Problem details →
Go to the line below that has "Comfort Zone 16-Inch", print it and each line after it exactly, and stop after the line that has "14K White Gold"; leave out pictures.

Short web captions:
↓↓↓

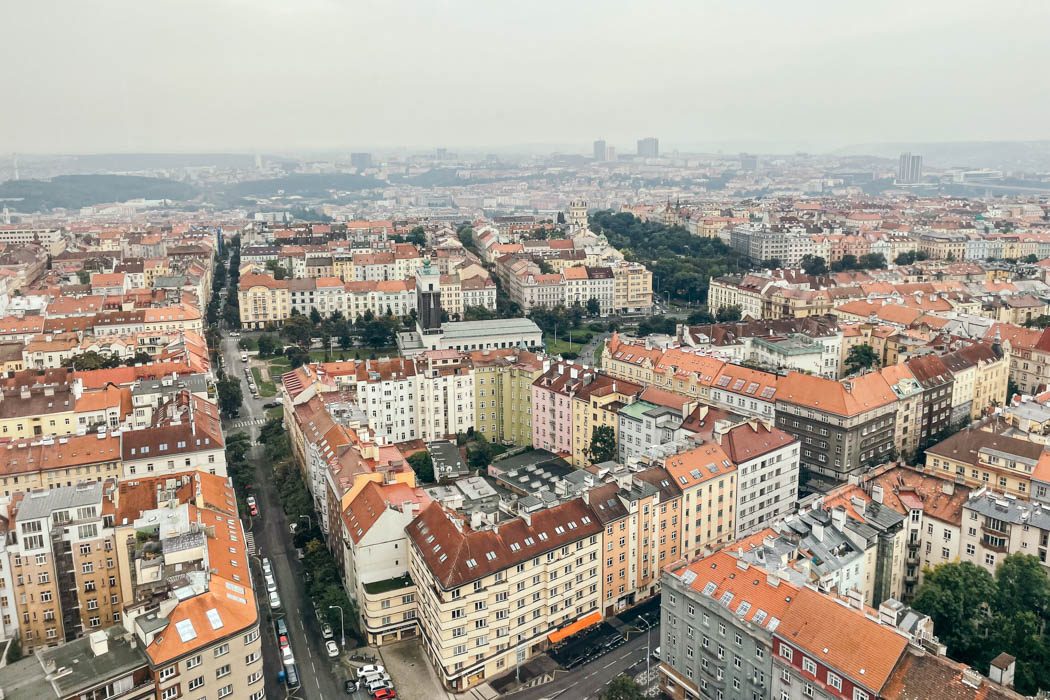 Ausblick vom Fernsehturm auf Prag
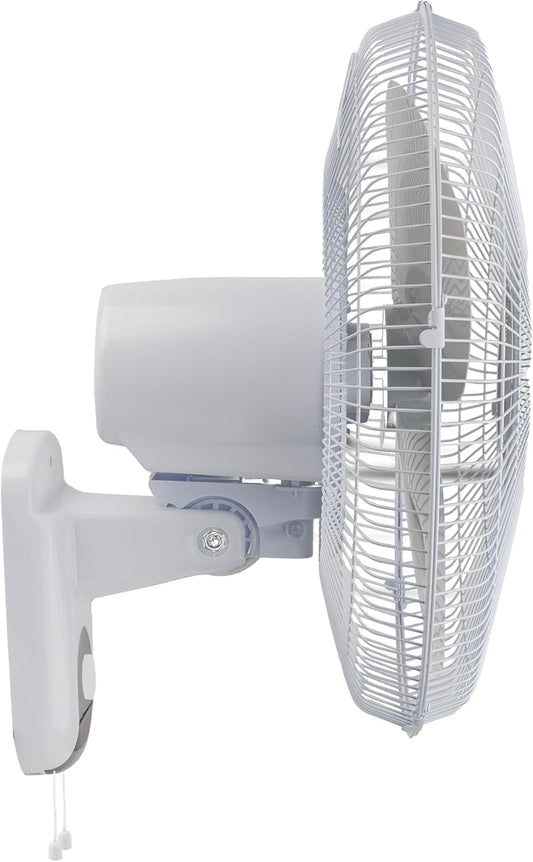 Comfort Zone 16-Inch Fan with Remote Control – Quiet 3-Speed Oscillating Indoor Fan with 90° Wide-Angle Airflow, Timer & Sleep Modes – Space-Saving Wall Fan for Bedroom, Home Gym & Office, White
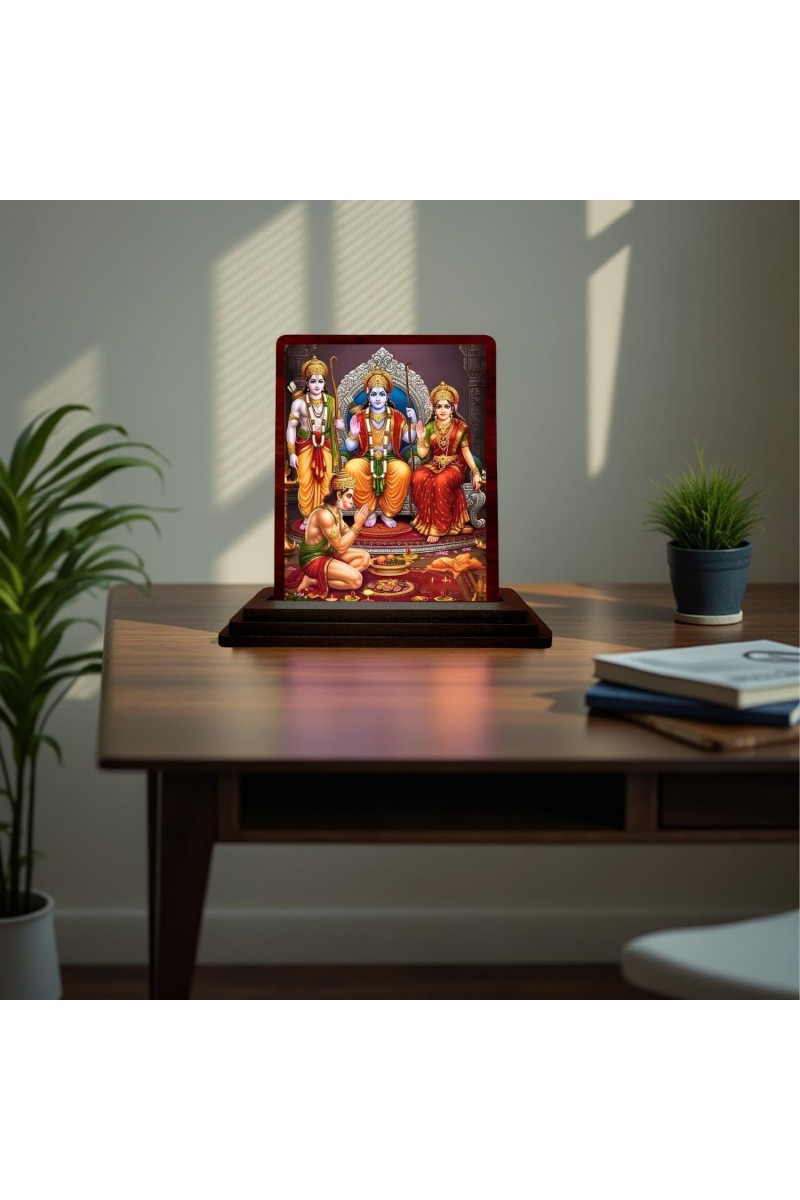 Car Desk/Table Top Lord Ram Siya Wooden Photo Stand 3x4 Inches, Compact & Stylish Spiritual Display For Car, Home & Office (Pack Of 1) (F15144)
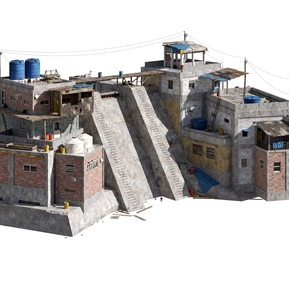 现代 建筑 贫民窟住宅楼房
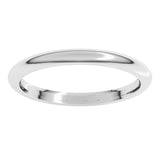 14K White Gold 2 mm Comfort-Fit Half Round Band Size 9.5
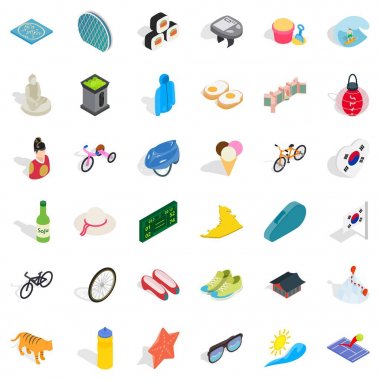 Giyim Icons set, izometrik stili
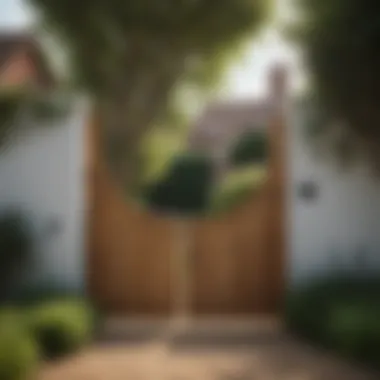 Minimalist garden gate integrated with surrounding landscape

↑↑↑

Result →
 Comfort Zone 16-Inch Fan with Remote Control – Quiet 3-Speed Oscillating Indoor Fan with 90° Wide-Angle Airflow, Timer & Sleep Modes – Space-Saving Wall Fan for Bedroom, Home Gym & Office, White
 Car Desk/Table Top Lord Ram Siya Wooden Photo Stand 3x4 Inches, Compact & Stylish Spiritual Display For Car, Home & Office (Pack Of 1) (F15144)
 现代 建筑 贫民窟住宅楼房
 14K White Gold 2 mm Comfort-Fit Half Round Band Size 9.5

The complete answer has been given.